The CIA had little or nothing of any substance about bin Laden’s family. He knew nothing about her.

Mohammed, who had taken off his balaclava to reveal a heavily pockmarked face under a thick salt-and- pepper beard, was angry. He scowled, and then said something in Persian to Sarah. He wasn’t as young as McGarvey thought he was from his voice. Sarah shot back a reply, her left eyebrow rising. He mumbled something else under his breath, and then climbed out of the car and stalked off.

“Not everyone has come to an equal understanding. But we can hope, Insha “Allah,” she said regretfully. She opened the door, then reached across to roll up the driver’s window, grab the keys and hit the door locks. “We have a long distance to travel before dawn, so we must leave now.”

Farid and the other mujahed, who looked almost as young, pulled camo netting over the Rover making it practically invisible from the air even during the day. Sarah walked over to where Mohammed was waiting, his Kalashnikov slung over his shoulder, and she said something to him. It was obviously a conciliatory gesture. He towered menacingly over her, and for a brief moment McGarvey thought he was going to strike her down. But then he looked away insolently. She reached out and touched his arm, and he stepped back as if he was getting ready to strike again. His hand reached for the pistol in his tunic, but Sarah stood her ground, and after several seconds he withdrew his hand.

She came back, pulling a round felt cap on her head, and stuffing stray strands of black hair inside it. She got her rifle from the other mujahed, named Hash, slung it over her shoulder, then came over to where McGarvey was standing just outside the barn.

She studied his face as if trying to read something from his expression.
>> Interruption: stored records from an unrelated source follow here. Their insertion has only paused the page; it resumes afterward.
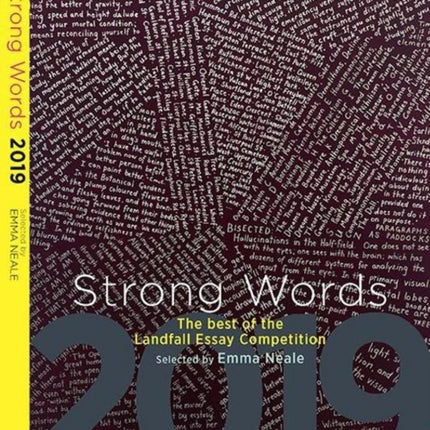 Strong Words 2019: The Best of the Landfall Essay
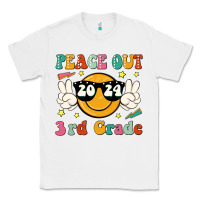 White peace out 2024 3rd grade Classic Tee - JahusDesignShop
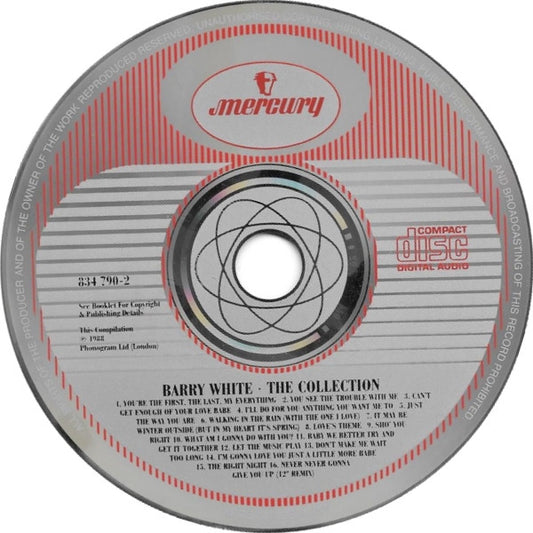 Barry White - The Collection (CD)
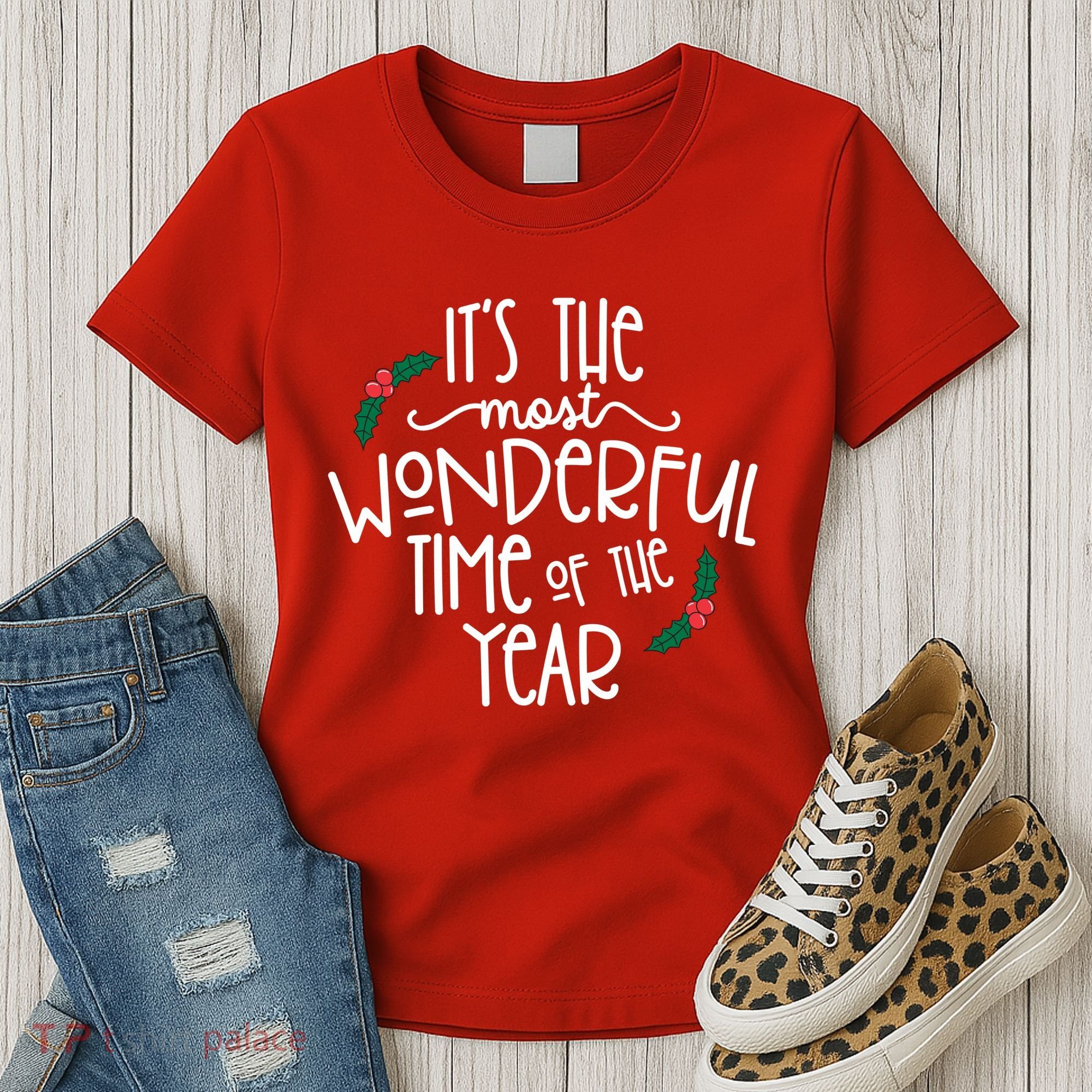 Its The Most Wonderful Time Of The Year Christmas Women's T-Shirt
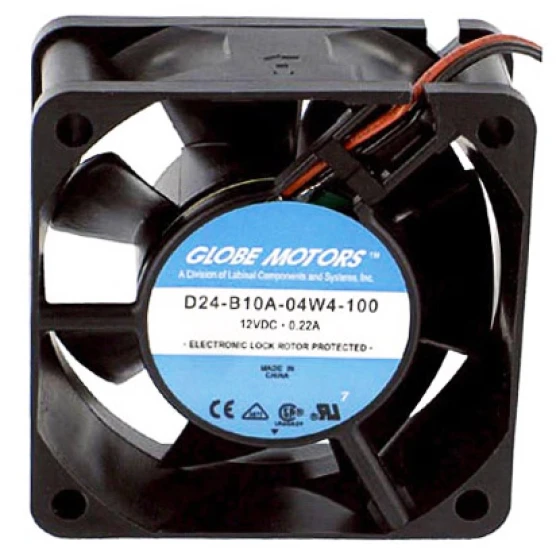 Globe Motors D24-B10A-04W4-100 Lüfter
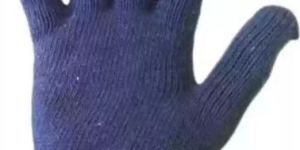 70gm Navy Blue Cotton Gloves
Her own expression was one of concern and weariness, as if she was tired of the struggle. And yet he could see clearly stamped on her face a fierce determination and pride.

“Have you come here to assassinate my father, Mr. McGarvey?” she asked directly, without guile.
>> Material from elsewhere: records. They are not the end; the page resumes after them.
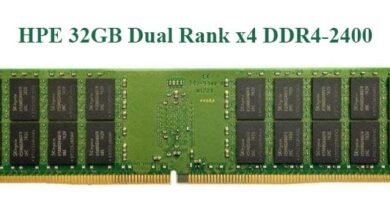 رم سرور اچ پی HP 32GB DDR4 2400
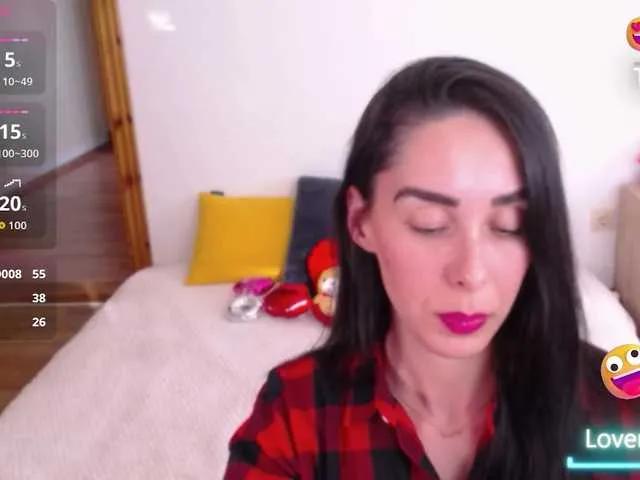 ValeriaFoxx on BongaCams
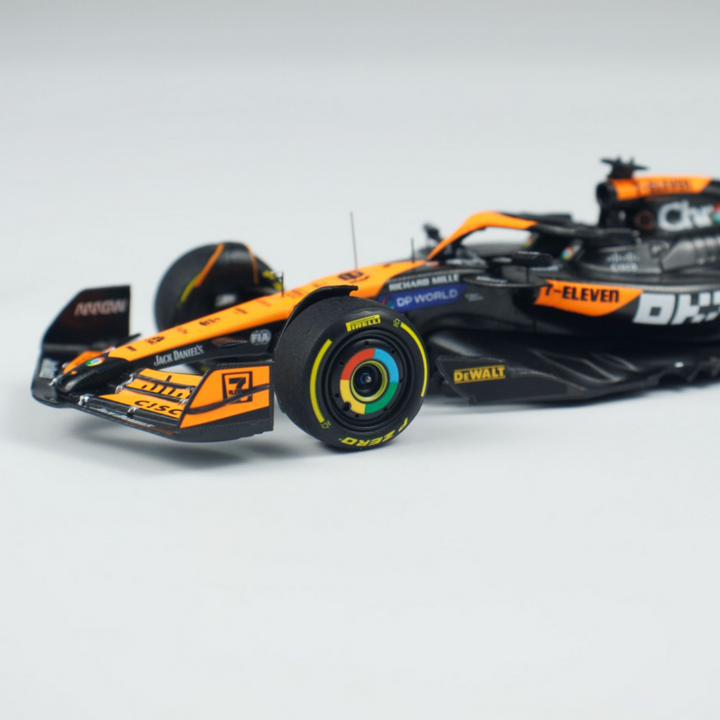 Oscar Piastri First Win Model Car -  McLaren F1 MCL38 Hungary GP 2024 Winner Limited Edition | 1:43 Minichamps Model Car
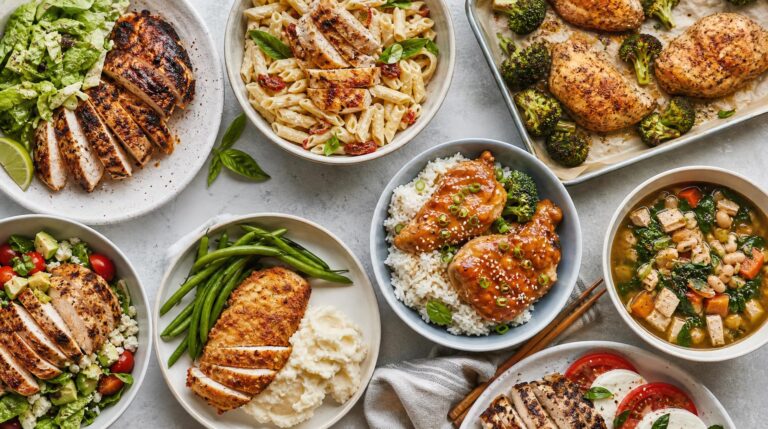 35 Boneless Chicken Breast Recipes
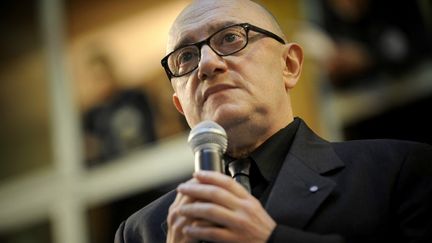 Michel Blanc en 2008 aux Hospices de Beaune. (JEFF PACHOUD / AFP)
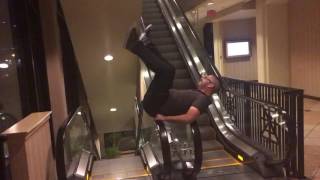 Escalator Spin Fail [upl. by Suiratnod567]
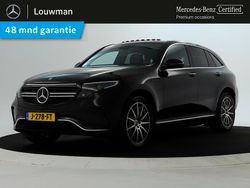 Donker obsidiaanzwart metaalkleur metallic Gebruikt 2020 Mercedes EQC400 Business SUV | € 39.945 (Duur)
McGarvey shook his head. “Just to talk,” he said. He was already beginning to admire the young woman.

“About what?”

“We want the killing to stop.”

She nodded her understanding. “Then I think that you must have a great deal to say.”

“I do. But am I going to be wasting my time?”
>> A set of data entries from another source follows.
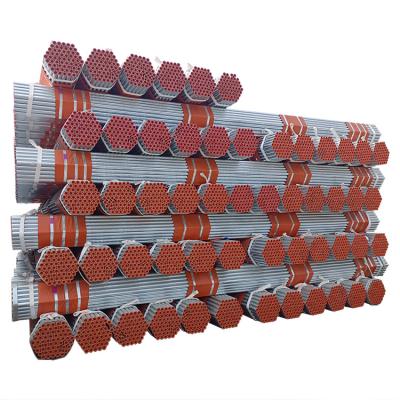 China Liquid Pipe Youfa Carbon Steel Pipe 40 Inch GI Pipe Weight Galvanized Iron Steel Round Tube for sale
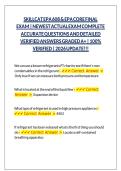 SKILLCAT EPA 608 & EPA CORE FINAL EXAM &vert; NEWEST ACTUAL EXAM COMPLETE ACCURATE QUESTIONS AND DETAILED VERIFIED ANSWERS GRADED A&plus; &vert; 100&percnt; VERIFIED &vert; 2026 UPDATE&excl;&excl;&excl;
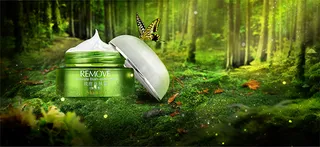 淘宝护肤品海报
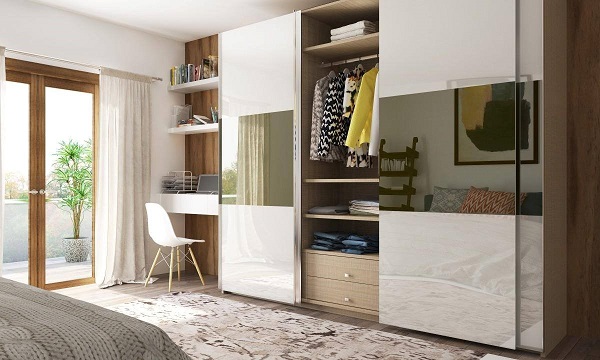 Tủ quần áo cửa lùa 3 cánh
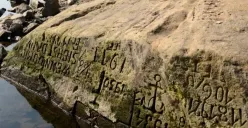 Ilustrasi bahasa kuno yanh telah punah (Sumber : Twitter)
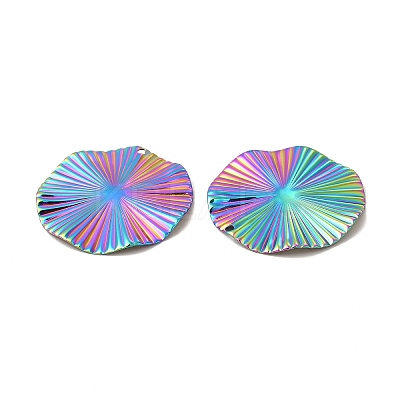 Ion Plating(IP) 304 Stainless Steel Pendants STAS-I671-03MC-1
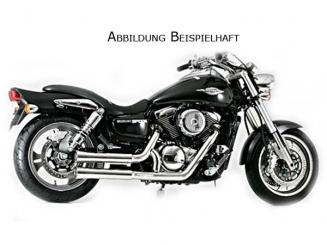 FALCON Double Groove für Kawasaki VN 1600 M-S und Suzuki 1600er Modelle, E-geprüft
She thought about that, and took a moment to formulate her answer. She was being very serious. “My father is not the monster you in the West think he is. But he is a very hard man, as the Russians found out.” She smiled wistfully. “He too wants peace, but an honorable peace.”

“Will he listen to me?”

“Listen to an infidel?” she asked rhetorically. Then she cocked her head and pursed her lips. “Do you believe that the prophet Isa was God? You call him Jesus.”

“I didn’t come here to talk about religion.”

“Then your task will be doubly hard. For us, Islam is life.”

“I understand.”

Sarah gave him an odd, thoughtful look. “I don’t know if you can. But I hope so.”

McGarvey motioned toward Mohammed who had hunkered down and was looking out across the valley toward the mountains as he smoked a cigarette. “What about him?”

Sarah followed his gaze. “He is an Afghani, and maybe he is already too old to change. I think he is a spy for the Taliban.”

The admission of a weakness in bin Laden’s armor was extraordinary, and McGarvey wondered if she had told him that to get some kind of a reaction, or merely because she was young and naive. He didn’t think she could be much older than eighteen or twenty.

“Why not send him away?” McGarvey asked.

This time Sarah laughed out loud, the sound soft and throaty. “Better to have a spy you know in your midst, than one you don’t watching you from a distance.”

Farid and Hash had taken four bundles from the back of the Rover. They put McGarvey’s bag and laptop into one of them, and the mujahedeen, including Sarah, shouldered the heavy loads.

“I can carry some of that,” McGarvey said.